Lage Leite vê o filme como uma iniciativa para romper a paralisia da sociedade quando confrontada com ideologias ou atitudes fascistas. Ele citou o dramaturgo alemão Bertolt Brecht (1898-1956), que afirmou que "a cadela do fascismo está sempre no cio" -e que, portanto, os impulsos autoritários são temas que nunca devem sair da pauta.
O psicanalista afirmou que muitos críticos subestimaram a tensão latente dos personagens antes da matança e ignoraram, com isso, a complexidade das cenas iniciais, mais ternas e idílicas (como o velório de Carmelita, matriarca negra do povoado).
"Reduzir essa parte a um nordestino bom, sofredor, como fizeram alguns, me parece tão estranho quanto o comportamento dos forasteiros brasileiros quando chegam em Bacurau", afirmou. "Dá uma impressão de que aquela sofisticação afetiva, emocional, não cabe àquele povo pobre [na visão dos críticos]."
Para ele, os diretores fizeram um jogo entre duas forças descritas por Freud em sua obra: a pulsão sexual (que move a vida e cura a neurose) e a pulsão de morte. A opção por metáforas diretas, apropriação de gêneros populares (como ação e western) e carnificina pop seria um modo de alcançar um público maior, afirmou.
Presente no debate, o crítico de cinema da Folha Inácio Araújo concordou com a tese, afirmando que o filme conseguiu "quase um milagre" ao ser visto por cerca de 800 mil pessoas no Brasil. "Em matéria de invasão, o cinema brasileiro pode se dizer doutor. Não há nada mais invadido no mundo do que o mercado cinematográfico brasileiro."
"Se vocês pegarem uma página dos guias [culturais] de jornal, não existe um privilégio tão brutal quanto o dado ao cinema estrangeiro, especialmente ao americano. É muito difícil dialogar com o espectador nessas circunstâncias", afirmou Araújo.
Ele vê o filme como crucial para ocupar as mentes dos brasileiros com histórias nacionais e ter um contraponto à hegemonia norte-americana e europeia. "Nós nos sentimos tão americanos, ou tão europeus, porque recebemos muito material de lá e não temos a nossa própria imagem.
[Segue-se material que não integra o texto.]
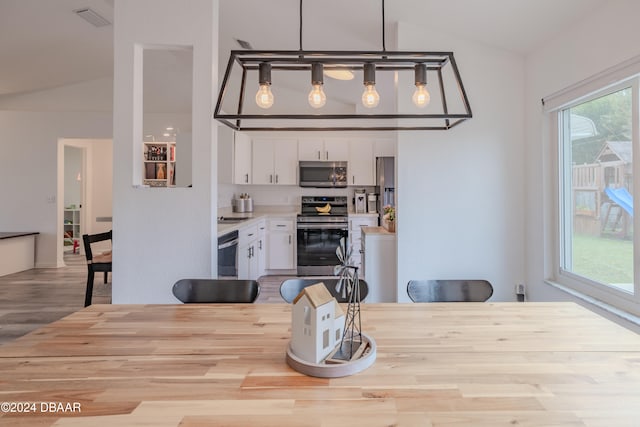 dining room with lofted ceiling and light hardwood / wood-style floors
Somos que nem vampiros, não conseguimos nos ver no espelho."
Araújo considera o cinema nacional produzido hoje o melhor feito desde os anos 1960. Ele situa "Bacurau" como parte da produção pós-"Cidade de Deus", que introduziu a determinação moral individual nos personagens. Se na geração do Cinema Novo, por exemplo, os criminosos eram retratados como consequência de uma sociedade desigual e desordenada, o longa de 2002 criou uma nova linha ao sugerir que a opção pelo crime é uma escolha do indivíduo.
O crítico citou como pontos altos os momentos em que o filme faz referência ao passado, seja ao reciclar canções utilizadas por Glauber Rocha (1939-1981) em sua obra, seja ao atualizar os dramas do cangaço e de Canudos.
Uma espectadora observou que, no filme, o resgate histórico feito pelos habitantes do povoado é um ponto-chave para a vitória contra os invasores estrangeiros. É no museu histórico de Bacurau, repleto de artefatos da era do cangaço, que os moradores adquirem o arsenal bélico e encurralam parte dos inimigos.
Inácio Araújo notou que Bacurau, antes de ser invadida pelos americanos, funciona como uma espécie de utopia imersa na pobreza. "É uma cidade onde não existe preconceito. Os personagens são homens, mulheres, brancos, homossexuais, heterossexuais, transgêneros e convivem perfeitamente ali. O filme nos leva à hipótese de uma sociedade que rompe com preconceitos muito antigos -e é bombardeada."
*A mediação foi da psicanalista Luciana Saddi.